The following is a quotation of 35 U.S.C. 103 which forms the basis for all obviousness rejections set forth in this Office action:
A patent for a claimed invention may not be obtained, notwithstanding that the claimed invention is not identically disclosed as set forth in section 102, if the differences between the claimed invention and the prior art are such that the claimed invention as a whole would have been obvious before the effective filing date of the claimed invention to a person having ordinary skill in the art to which the claimed invention pertains. Patentability shall not be negated by the manner in which the invention was made.

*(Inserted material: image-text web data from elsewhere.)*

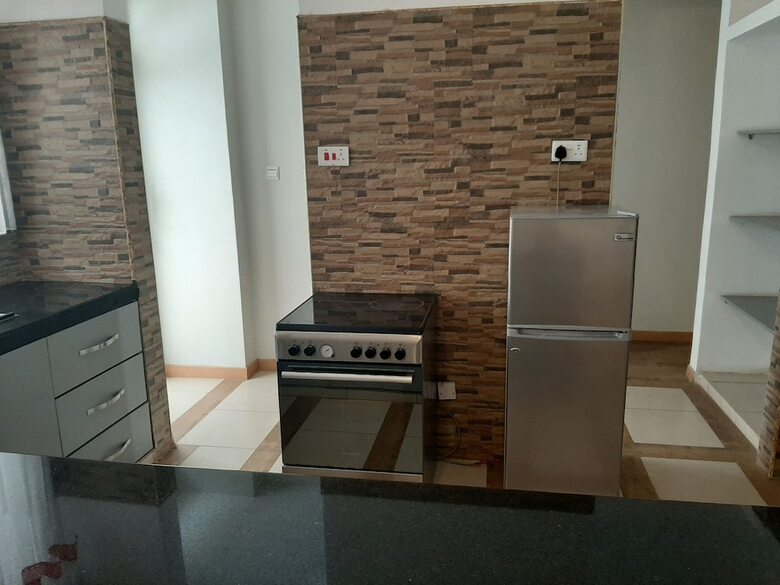 Apartamentos D2w Residency Suites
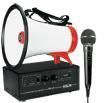 Megaphone PM99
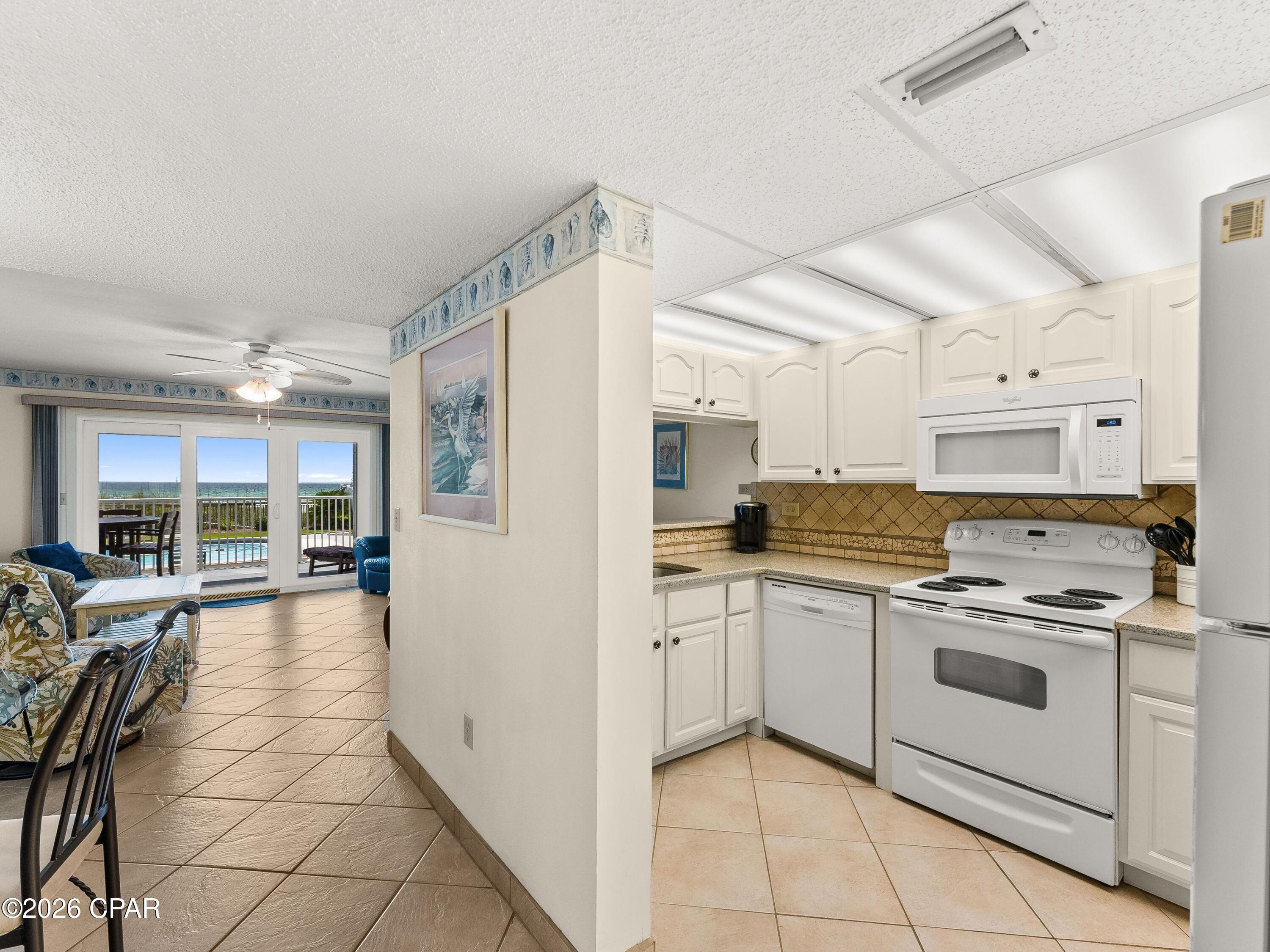 Mariner West Condo - Residential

This application currently names joint inventors. In considering patentability of the claims the examiner presumes that the subject matter of the various claims was commonly owned as of the effective filing date of the claimed invention(s) absent any evidence to the contrary. Applicant is advised of the obligation under 37 CFR 1.56 to point out the inventor and effective filing dates of each claim that was not commonly owned as of the effective filing date of the later invention in order for the examiner to consider the applicability of 35 U.S.C. 102(b)(2)(C) for any potential 35 U.S.C. 102(a)(2) prior art against the later invention.
Claim(s) 3 and 14 is/are rejected under 35 U.S.C. 103 as being unpatentable over Baran in view of Baran (6,729,334).
With respect to claims 3 and 14, Baran discloses all the elements as claimed above but lacks the catheter includes at least one rib extending between the first and second tubes, and along a longitudinal axis of the tubes.
However, Baran teaches a catheter (52, fig 5) includes at least one rib extending between a first and second tubes (see ribs (unlabeled) between 20 and 52 in fig 5), and along a longitudinal axis of the tubes (see the ribs extending from 20 to 52 in fig 5).
Therefore, it would have been obvious to one of ordinary skill in the art before the effective filing date of the claimed invention to have modified the first and second tube of Baran to include ribs as taught by Baran so as to hold the tubes in place in relation to one another to avoid moving out of place during use.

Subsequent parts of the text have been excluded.